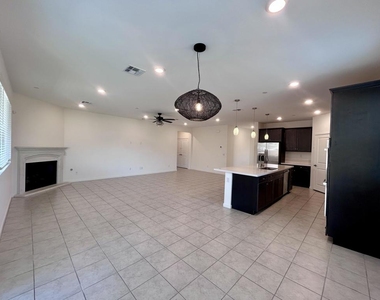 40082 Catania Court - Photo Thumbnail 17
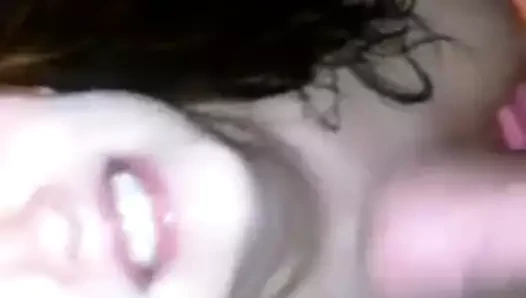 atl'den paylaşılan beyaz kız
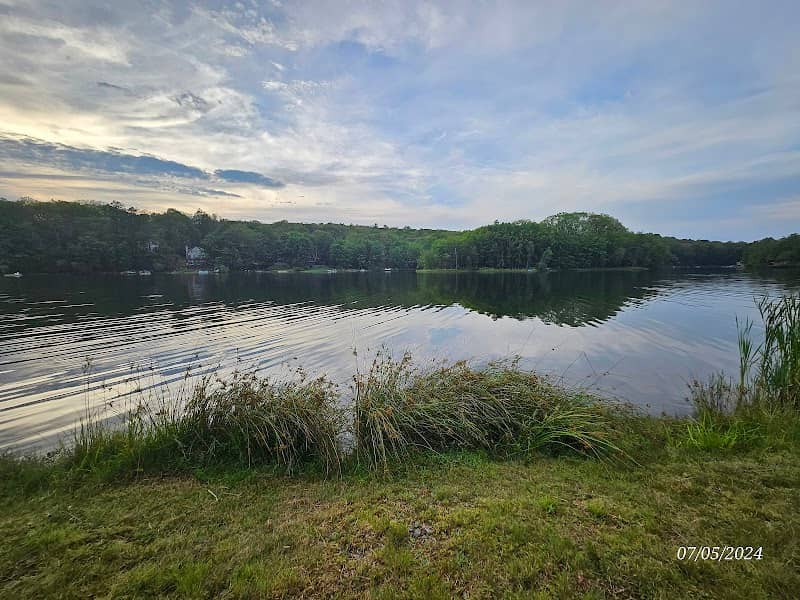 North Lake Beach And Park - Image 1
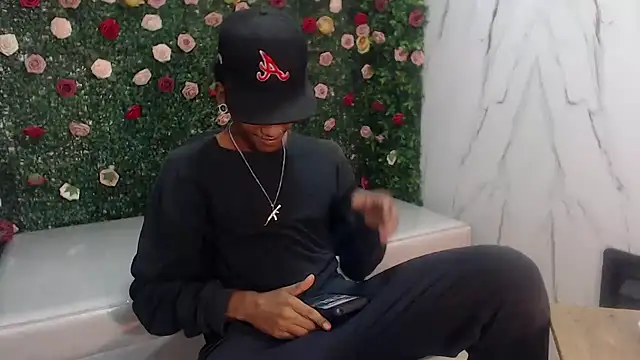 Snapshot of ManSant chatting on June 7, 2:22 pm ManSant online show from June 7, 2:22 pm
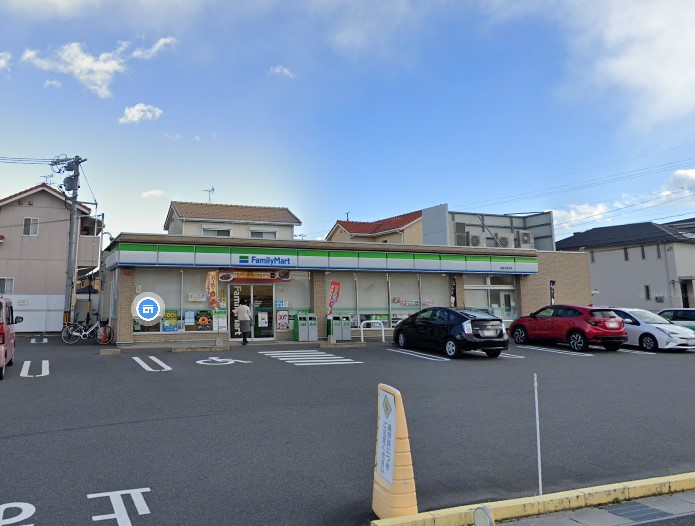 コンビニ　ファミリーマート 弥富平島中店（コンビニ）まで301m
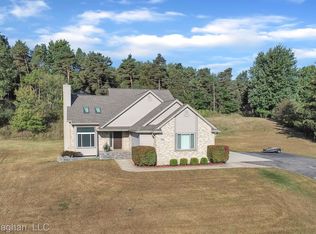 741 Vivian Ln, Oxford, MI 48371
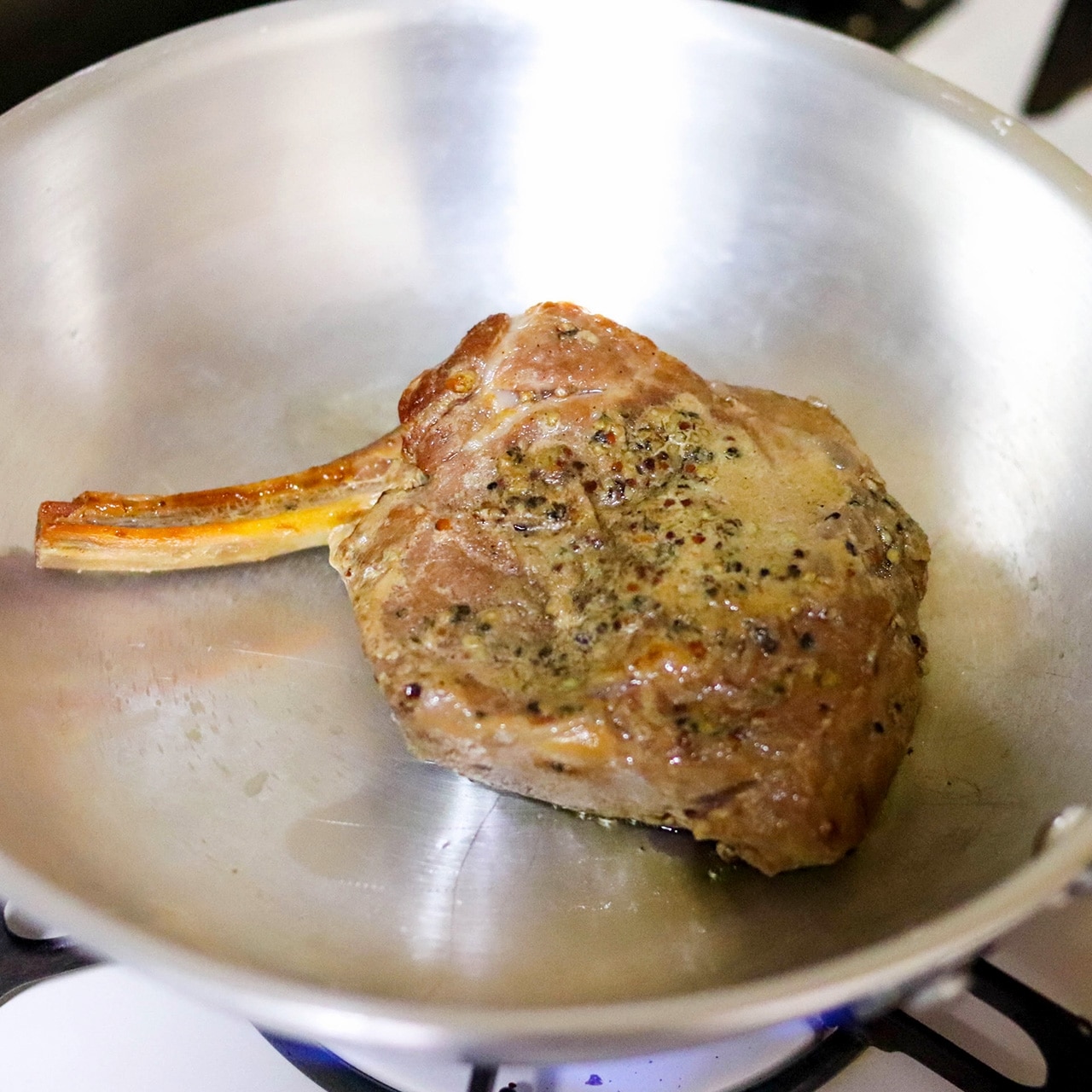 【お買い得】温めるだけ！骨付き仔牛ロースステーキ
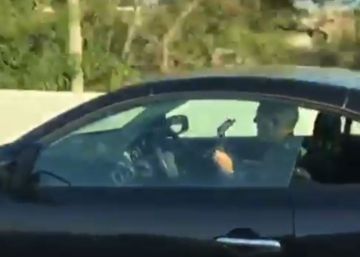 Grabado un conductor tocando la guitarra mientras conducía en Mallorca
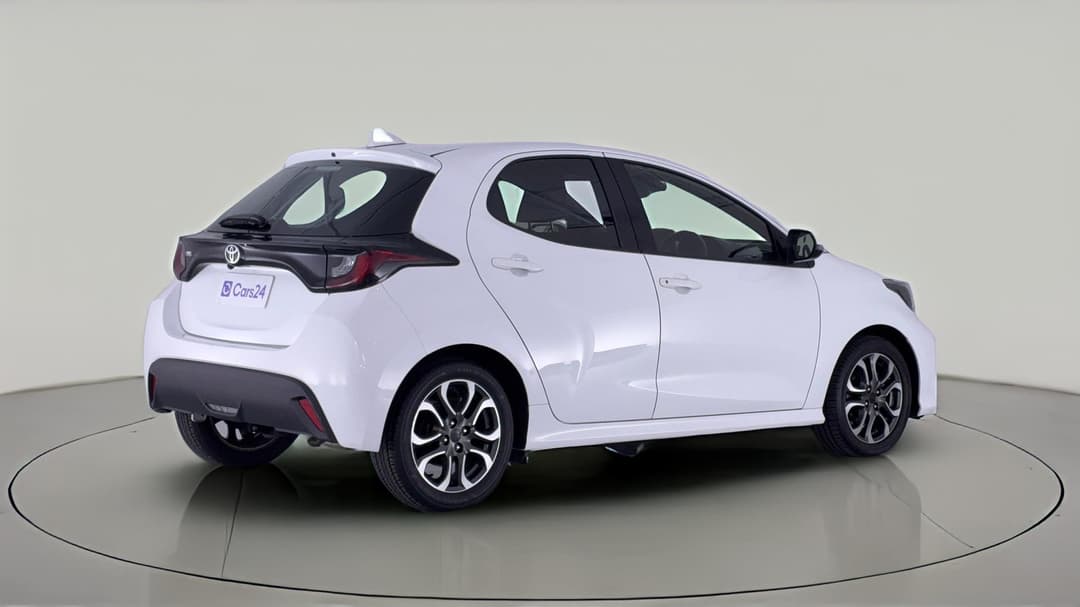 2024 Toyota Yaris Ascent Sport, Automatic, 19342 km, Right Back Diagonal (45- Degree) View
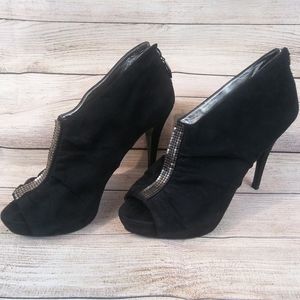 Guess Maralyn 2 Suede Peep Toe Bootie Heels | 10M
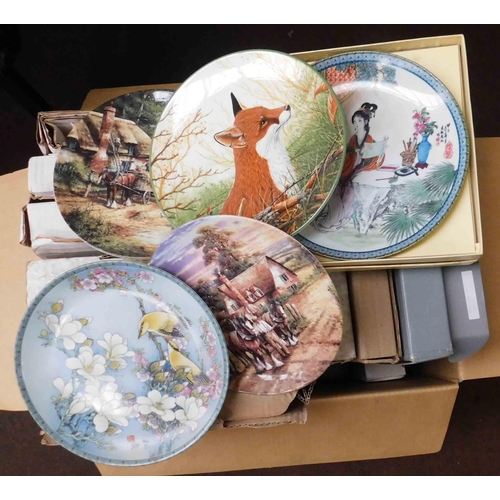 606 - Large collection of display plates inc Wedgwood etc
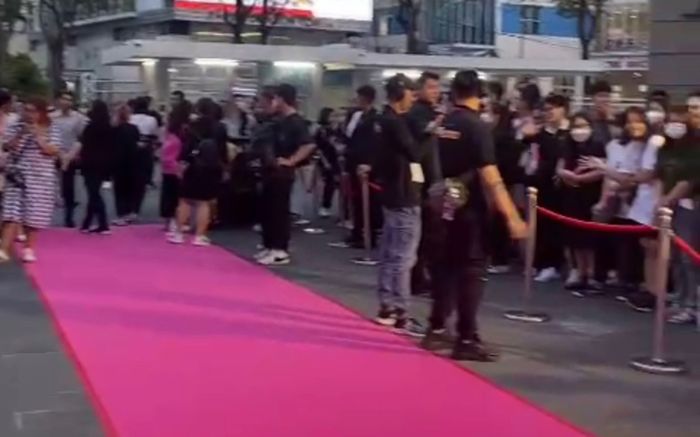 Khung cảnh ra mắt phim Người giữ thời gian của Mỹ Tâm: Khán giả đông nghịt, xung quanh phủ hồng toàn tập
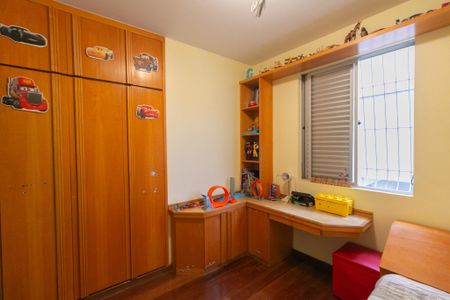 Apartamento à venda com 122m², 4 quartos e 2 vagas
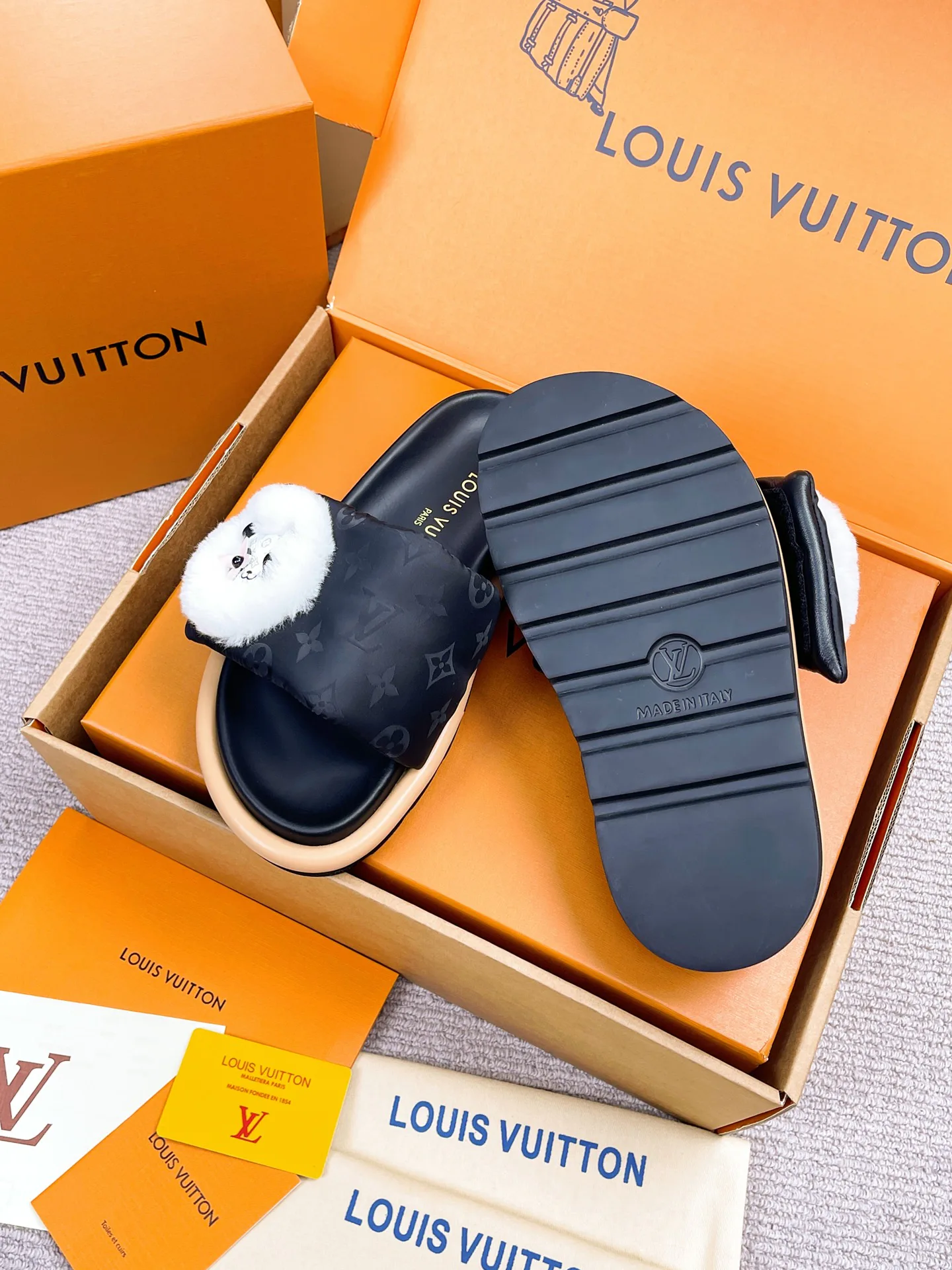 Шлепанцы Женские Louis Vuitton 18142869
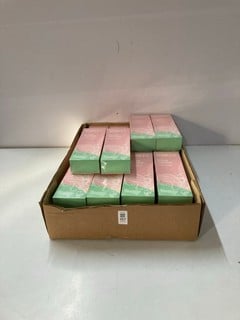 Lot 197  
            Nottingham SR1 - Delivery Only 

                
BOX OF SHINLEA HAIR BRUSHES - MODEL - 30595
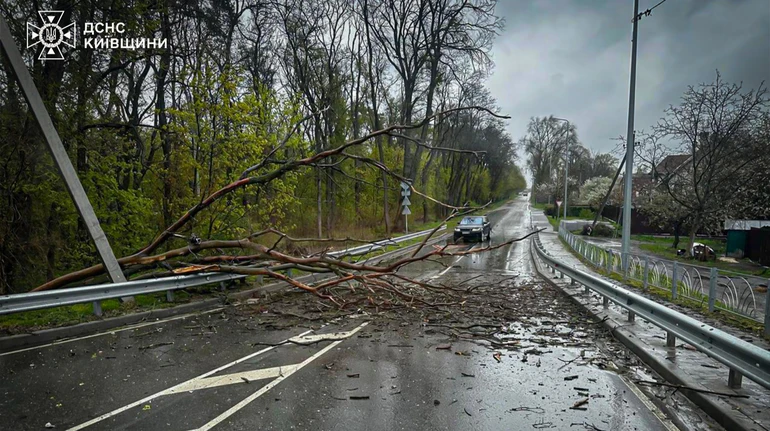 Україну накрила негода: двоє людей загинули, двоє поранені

● ● ● ● ● ● ●

**What is needed**
Copy exactly the lines of the listing above between the one holding "Guess Maralyn 2" and the one holding "Khung cảnh ra", inclusive; omit all pictures.

**Response**
 Guess Maralyn 2 Suede Peep Toe Bootie Heels | 10M
 606 - Large collection of display plates inc Wedgwood etc
 Khung cảnh ra mắt phim Người giữ thời gian của Mỹ Tâm: Khán giả đông nghịt, xung quanh phủ hồng toàn tập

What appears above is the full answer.